---------- Records supplied ----------
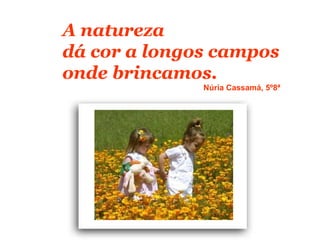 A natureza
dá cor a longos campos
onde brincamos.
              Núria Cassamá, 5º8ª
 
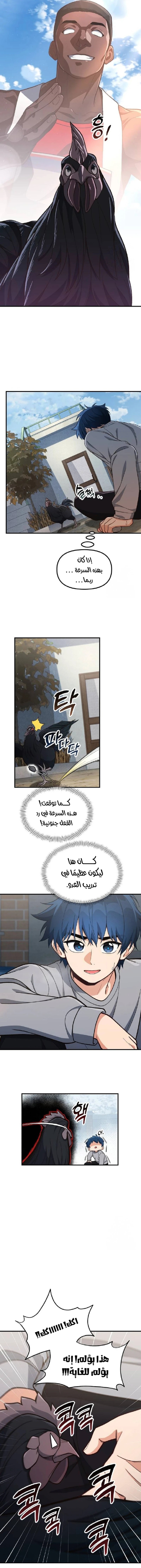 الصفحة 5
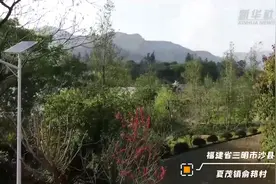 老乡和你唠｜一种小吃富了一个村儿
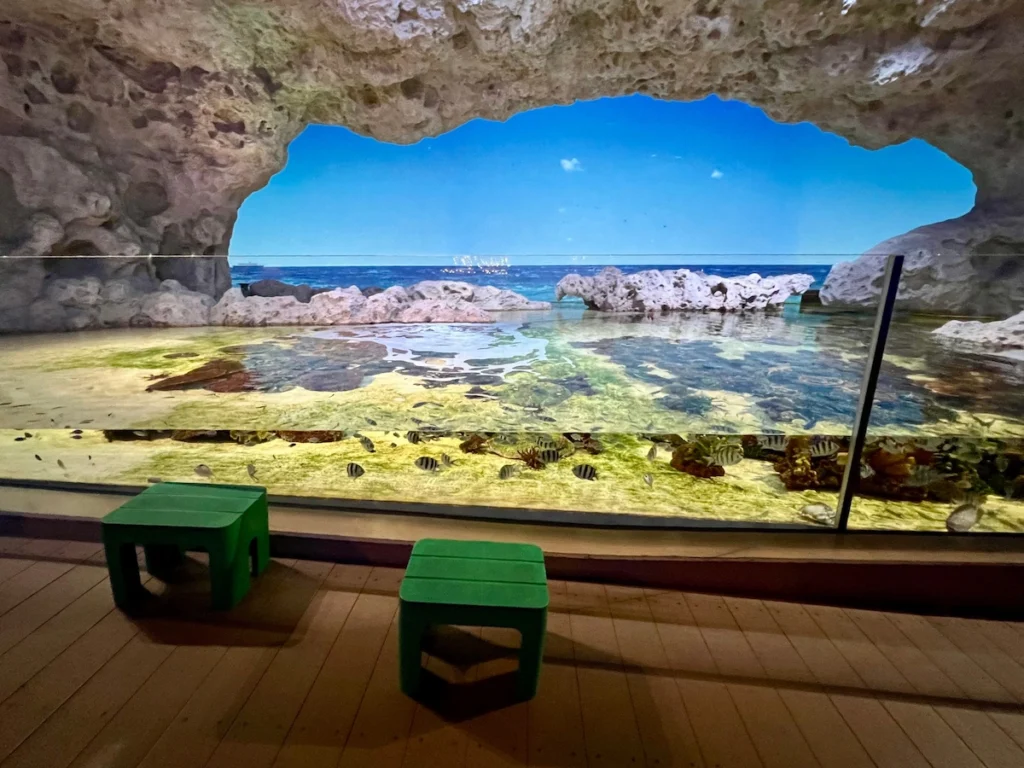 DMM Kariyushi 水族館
----------
---------- Records supplied ----------
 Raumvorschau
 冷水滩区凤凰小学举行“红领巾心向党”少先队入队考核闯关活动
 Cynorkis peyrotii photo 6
----------
(Your objective): After locating "dá cor a longos campos" and "DMM Kariyushi 水族館" in the records above, return exactly the line holding each one and every line between them; leave out the pictures.

(Problem solution):
dá cor a longos campos
onde brincamos.
              Núria Cassamá, 5º8ª
 
 الصفحة 5
 老乡和你唠｜一种小吃富了一个村儿
 DMM Kariyushi 水族館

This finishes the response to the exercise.